Welcome you to the Fifty eighth edition of DevMantra Times for the month of January 2026. This edition of our newsletter, where we bring you the latest developments shaping India’s dynamic business and innovation landscape. India’s finance, startup, and regulatory landscape saw several notable developments this week. HDFC Bank ramped up its CSR spending to ₹1,068 crore in FY25, while the RBI imposed a ₹61.95 lakh penalty on Kotak Mahindra Bank for regulatory lapses and initiated a review of scale-based regulations for NBFCs amid their growing systemic role. Private sector banks continued to lead small business lending, with NBFCs gaining significant traction among sole proprietors, as total small business credit rose 16% year-on-year to ₹46 lakh crore. LIC Housing Finance reduced home loan rates to 7.15% to boost housing demand, and the Finance Ministry directed banks to promptly report vigilance issues relating to directors.

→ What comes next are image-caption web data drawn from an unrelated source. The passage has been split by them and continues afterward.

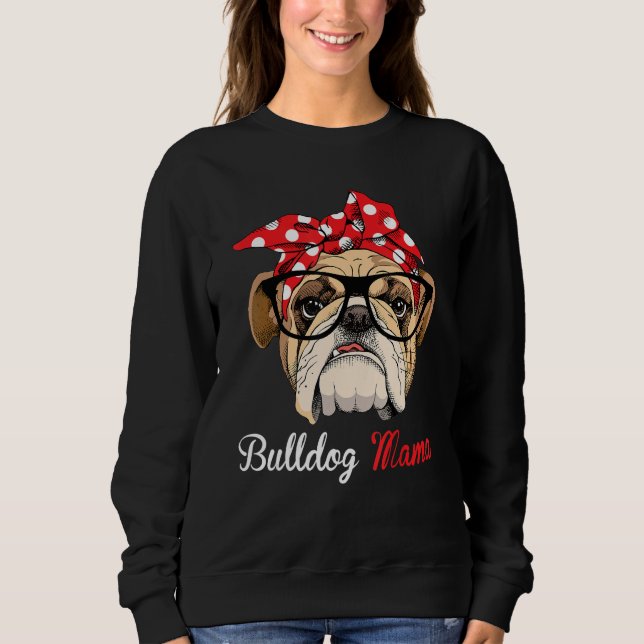 Moletom Funny English Bulldog Mama for Bulldog Lovers (Frente)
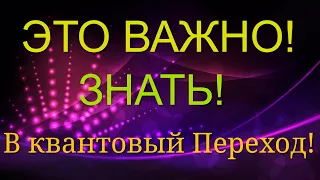 ЭТО ВАЖНО ЗНАТЬ КАЖДОМУ В КВАНТОВЫЙ ПЕРЕХОД!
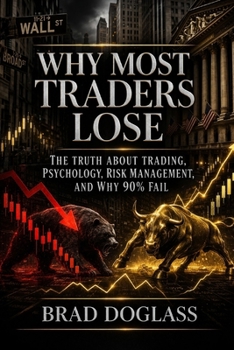 Paperback Why Most Traders Lose: The Truth About Trading Psychology, Risk Management, and Why 90% Fail Book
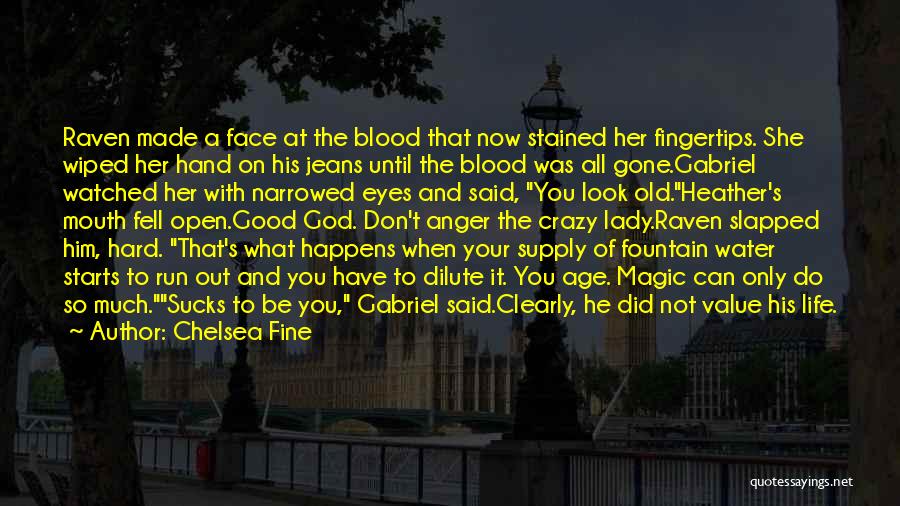 Blood Water Quotes By Chelsea Fine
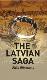 The Latvian saga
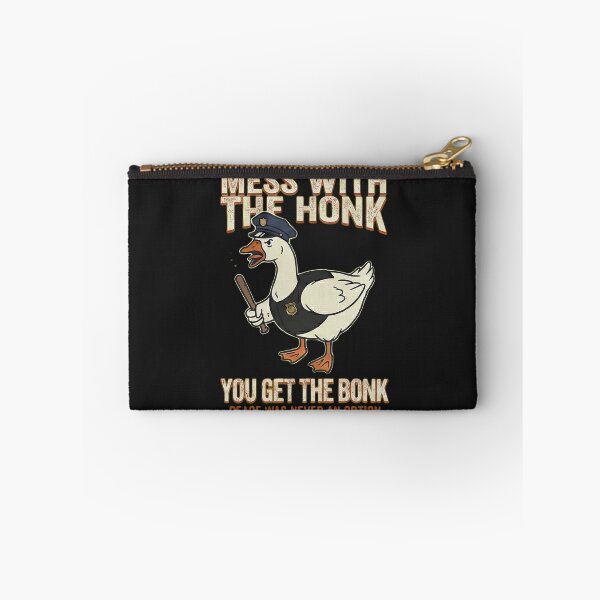 Item preview, Mess With The Honk You Get The Bonk - Funny Security Goose Meme designed and sold by AdyKurniawan.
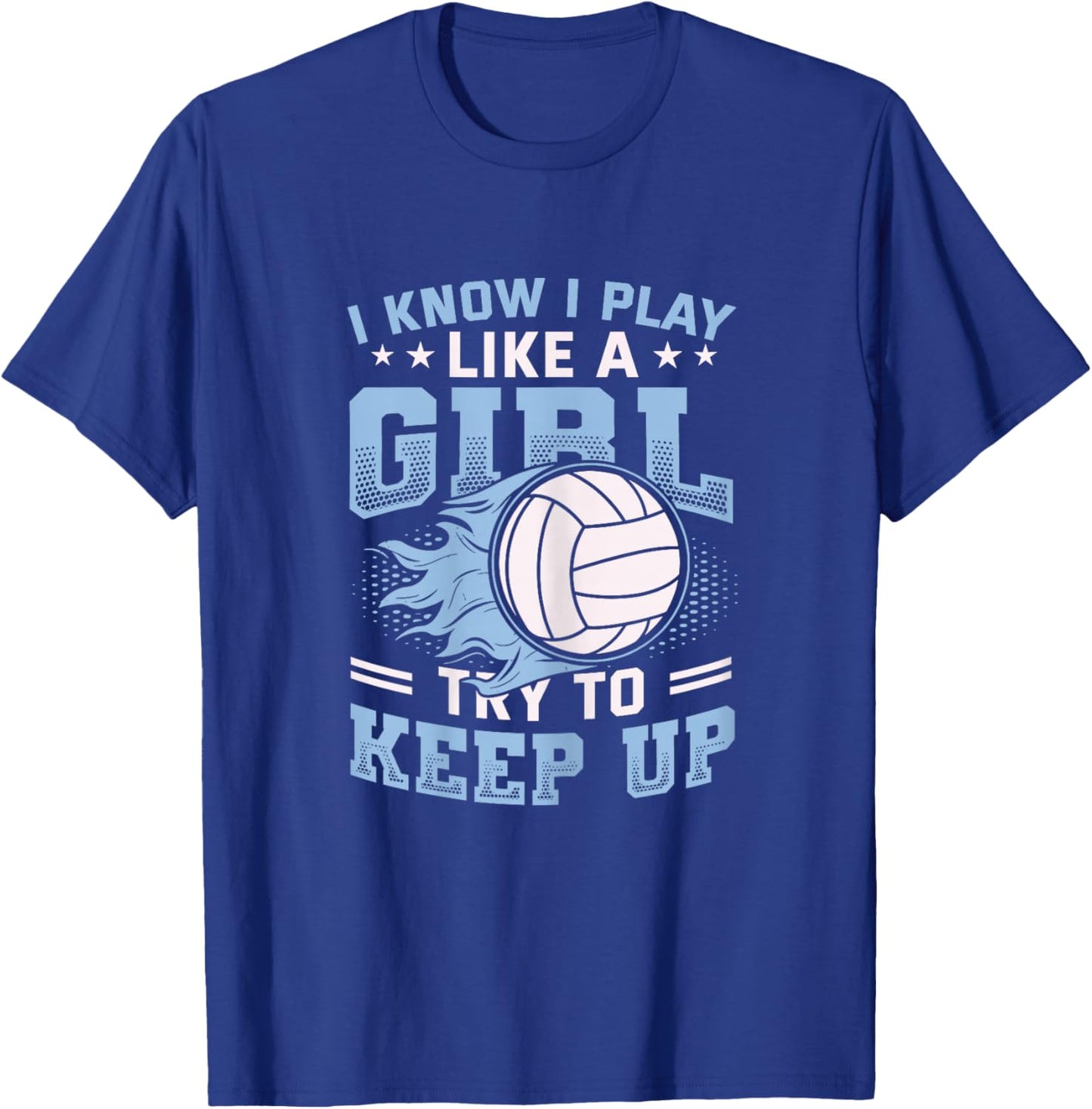 I Know I Play Like A Girl Try to Keep Up Girls Volleyball T-Shirt - T-Shirt | Royal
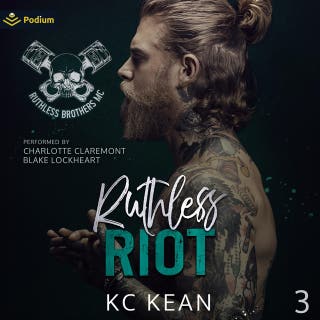 Ruthless Riot: Ruthless Brothers MC, Book 3 – omslag till ljudboken av KC Kean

Industry & Economic Updates HDFC Bank spends Rs 1,068 crore in CSR during FY25
EDITORIAL NOTE: HDFC Bank has significantly scaled up its corporate social responsibility (CSR) initiatives, with total CSR expenditure rising to ₹1,068.03 crore in FY 2024–25, reflecting an increase of about ₹123 crore over the previous year. Over the past decade, the Bank’s flagship CSR programme, Parivartan, has emerged as a key vehicle for inclusive and sustainable development, positively impacting more than 10.5 crore lives across India. The initiative focuses on critical areas such as rural development, livelihood enhancement, education, healthcare, environmental sustainability, and financial inclusion, underscoring HDFC Bank’s long-term commitment to social responsibility and nation-building alongside its core banking operations.